Homeland Security Struggles with ‘Extraordinary’ Turnover

Michael Chertoff is putting the final touches on a review of operations at the agency responsible for protecting the United States from terrorists.

This review, coming in Chertoff’s fourth month as secretary of the Department of Homeland Security, may dictate how the nation’s cities, ports, nuclear plants, bridges, highways and borders will be protected—and what systems and organization changes will be needed to gird against attack.

But he may not have the people to produce the changes he wants.

In particular, Chertoff may need to find ways to retain information-technology talent amid “extraordinary” senior management turnover, as Sen. Judd Gregg (R-N.H.) puts it.

“The number of positions which are unfilled at senior management levels is unacceptable,” said Gregg on April 20 as Chertoff testified before a Senate appropriations subcommittee.

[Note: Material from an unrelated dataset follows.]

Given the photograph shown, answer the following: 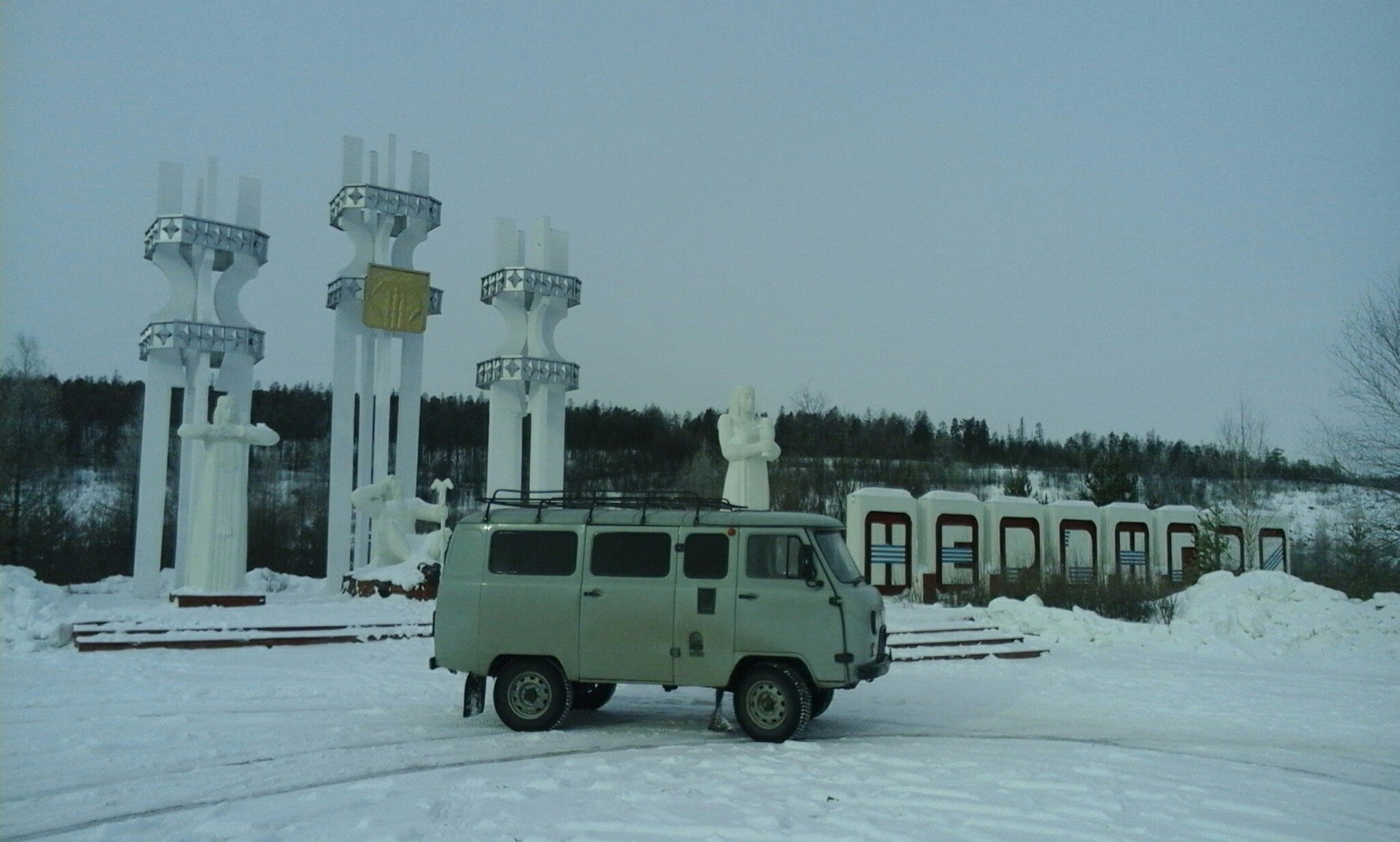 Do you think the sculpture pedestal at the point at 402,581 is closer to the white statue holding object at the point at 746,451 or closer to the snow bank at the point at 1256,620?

In late March and early April, the Department of Homeland Security lost chief information officer Steven Cooper and his deputy, Mark Emery. Cooper became CIO at the American Red Cross. Emery became a vice president at PEC Solutions, a Fairfax, Va., technology services firm.

Coast Guard Rear Adm. Ron Hewitt is currently the department’s acting CIO.

Since Chertoff’s predecessor as Homeland Security secretary, Tom Ridge, resigned in November, at least seven high-level executives, including Undersecretary for Border and Transportation Security Asa Hutchinson and Bob Liscouski, the department’s first assistant secretary for infrastructure protection, have left.

Like private companies, Homeland Security must find ways to keep projects, such as consolidating information systems it has inherited from 22 different federal agencies, moving in the face of extreme turnover.

“Continuity and information-technology success go together in every organization, but in the government the effect is more pronounced,” says Lee Strickland, director of the Center for Information Policy at the University of Maryland and a Central Intelligence Agency veteran.

Homeland Security Assistant Press Secretary Valerie Smith says “it was a natural time” for executives to leave. She adds that projects such as creating the department’s technology blueprint and developing common data-sharing standards are continuing as planned.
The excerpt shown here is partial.